[What to work on] Check every line below for the word "photo" and copy the ones that have it.

[Records for the task]
════

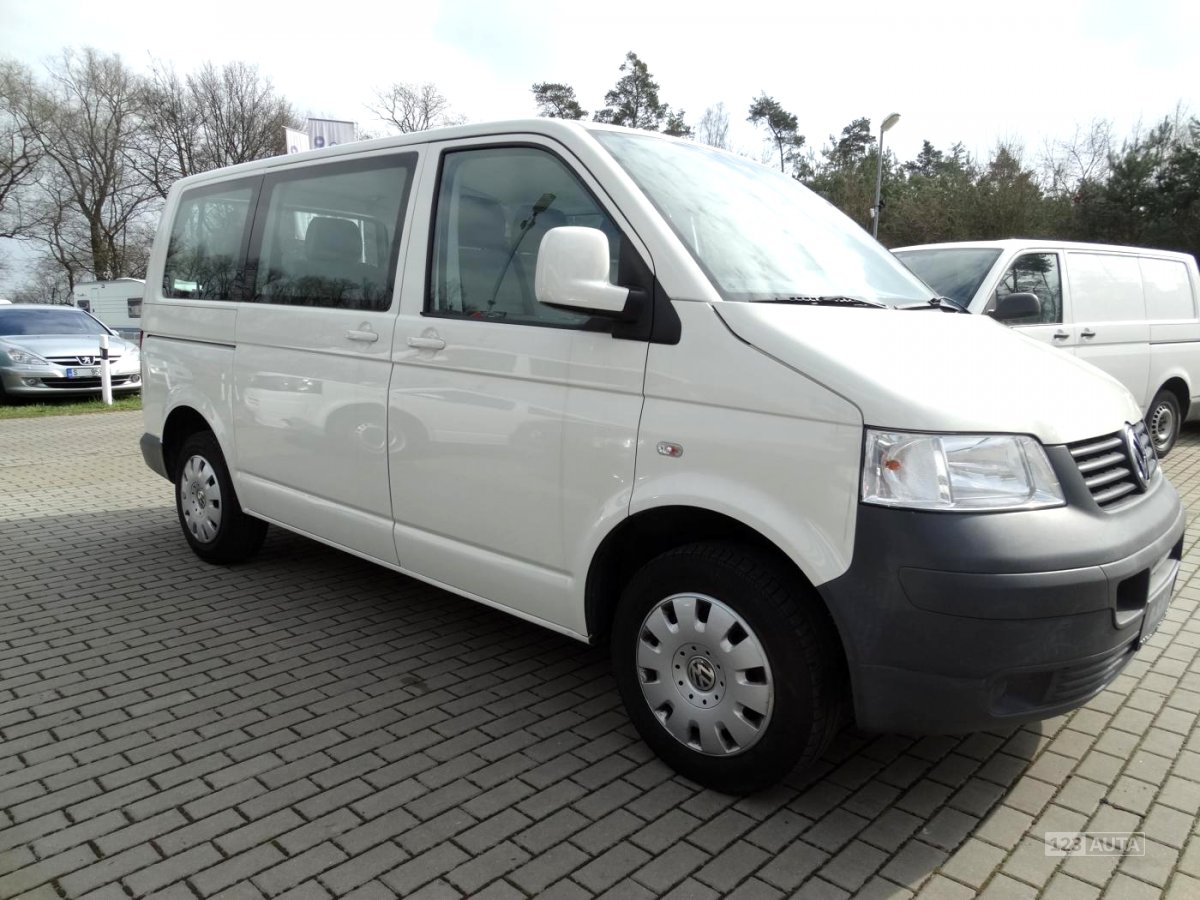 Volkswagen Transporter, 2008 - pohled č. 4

════

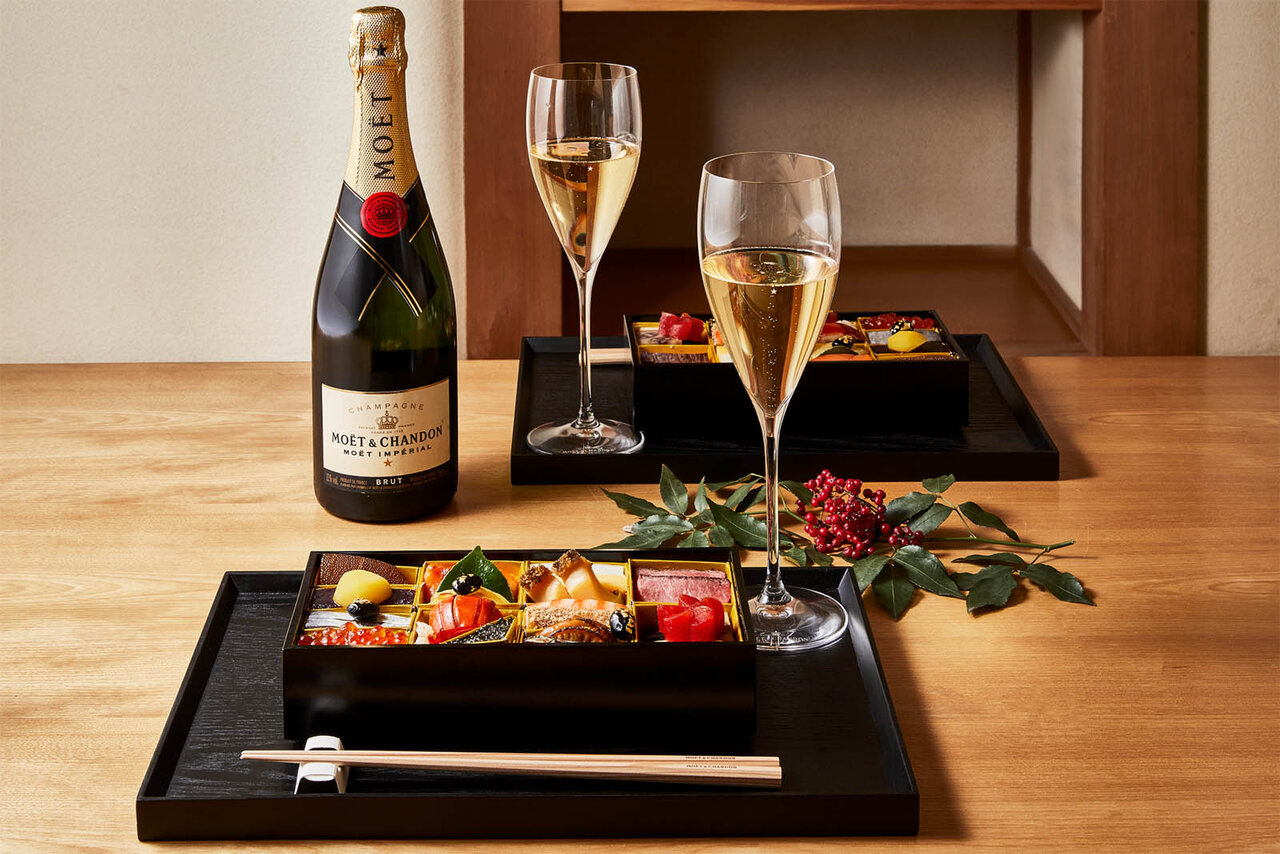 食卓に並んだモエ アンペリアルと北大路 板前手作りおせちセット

════

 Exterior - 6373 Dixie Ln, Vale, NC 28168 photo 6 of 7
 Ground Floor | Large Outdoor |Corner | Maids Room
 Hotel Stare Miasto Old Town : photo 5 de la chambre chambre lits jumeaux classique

════

[Task result]
 Exterior - 6373 Dixie Ln, Vale, NC 28168 photo 6 of 7
 Hotel Stare Miasto Old Town : photo 5 de la chambre chambre lits jumeaux classique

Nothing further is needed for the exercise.